Here is a scenario: you register for a webinar but cannot attend it. You get a recording of that webinar and it languishes in your inbox because you just can't seem to find the time to watch an hour-long webinar. Sounds all too familiar?

How about product reviews? You want to check out the features of the all-new MacBook, but you have to scroll through the entire video to find some information on the hardware specs and clock speed, as you don't really care much for the cosmetic updates.

Ever felt excited about watching a conference session without really knowing where the topics you are looking for are mentioned? Most likely, no.

Videos are an incredible medium of information dissemination and consumption for enterprises, and yet there are hardly any who make effective use of videos. We've built processes and techniques for and around video creation, distribution, and measurement, but somehow the whole point of a video - its consumption - fell through the cracks.

Most people do not have the patience to watch an informational video beyond the first few minutes. So all webinars, conference recordings, reviews, tutorials etc., however good they may be, simply do not live up to their full potential and very rarely does anyone watch them in their entirety.
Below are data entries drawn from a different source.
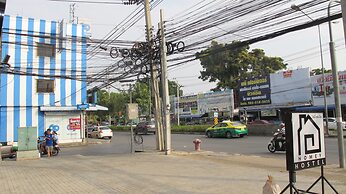 HOMEY-Don Mueang Airport Hostel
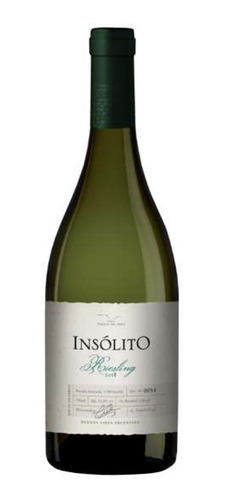 Insolito Riesling - Vino Blanco - Balcarce Puerta Del Abra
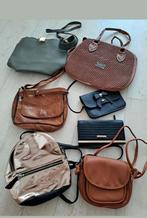 Partij 10 stuks damestassen en portemonees
1 koop, Ophalen of Verzenden, Nieuw, Overige kleuren, Overige typen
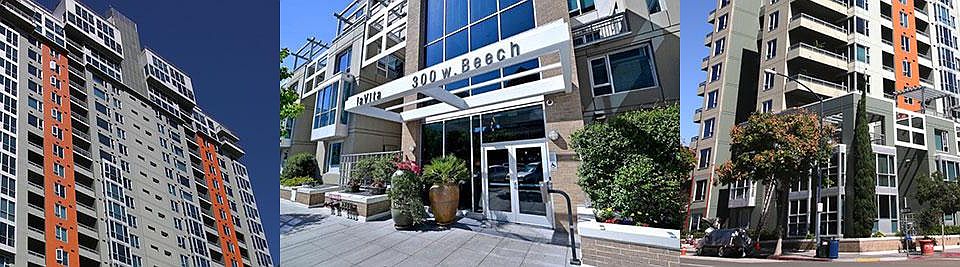 1st image of 300 W Beech St Unit 1501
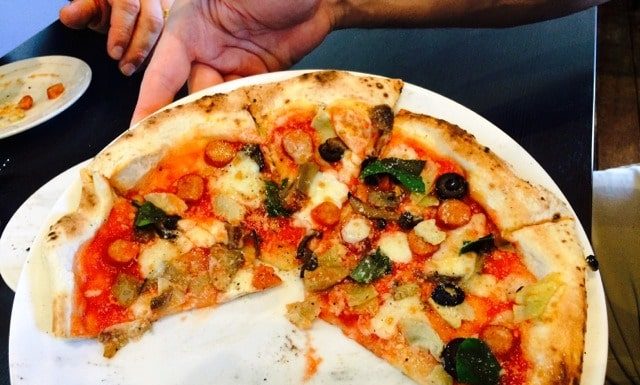 Napoli Pizzeria Bar l Okinawa Hai!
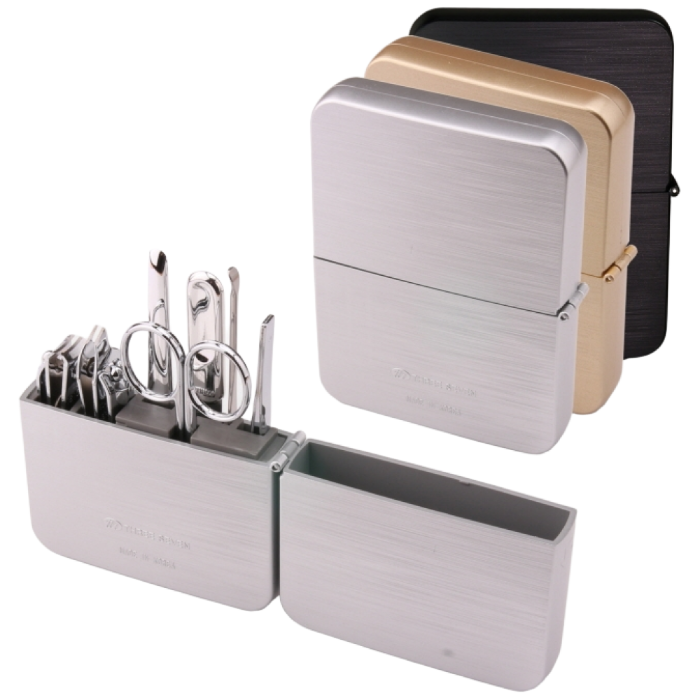 쓰리세븐 손톱깎이세트(TS-4112C) 손톱깎기, 은, 1, 1개 15,580원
And this is the idea behind VideoKen - making videos richer and more consumable. We got the inspiration from textbooks, which people don’t just start reading from cover to cover. Readers look at the table-of-contents at the beginning and/or the index at the end to identify the key topics being covered in the book, and then read the sections covering those topics. Unlike textbooks, videos do not come with these indices, so we apply AI to create these indices automatically. The Table of Contents (ToC) and Phrase Cloud automatically created by VideoKen summarize the key topics being covered, and let the viewers navigate directly to the corresponding points in the video. In addition, VideoKen creates a full transcript of the video and provides a search capability.

We start with automatic speech recognition, using an engine built upon the Deep Speech 2 Architecture. We apply a custom model based on LSTMs to create a complete transcript with punctuations. The goal of the Phrase Cloud algorithm is to automatically select the principal phrases, ideally corresponding to key concepts, among the thousands of words appearing in the transcript.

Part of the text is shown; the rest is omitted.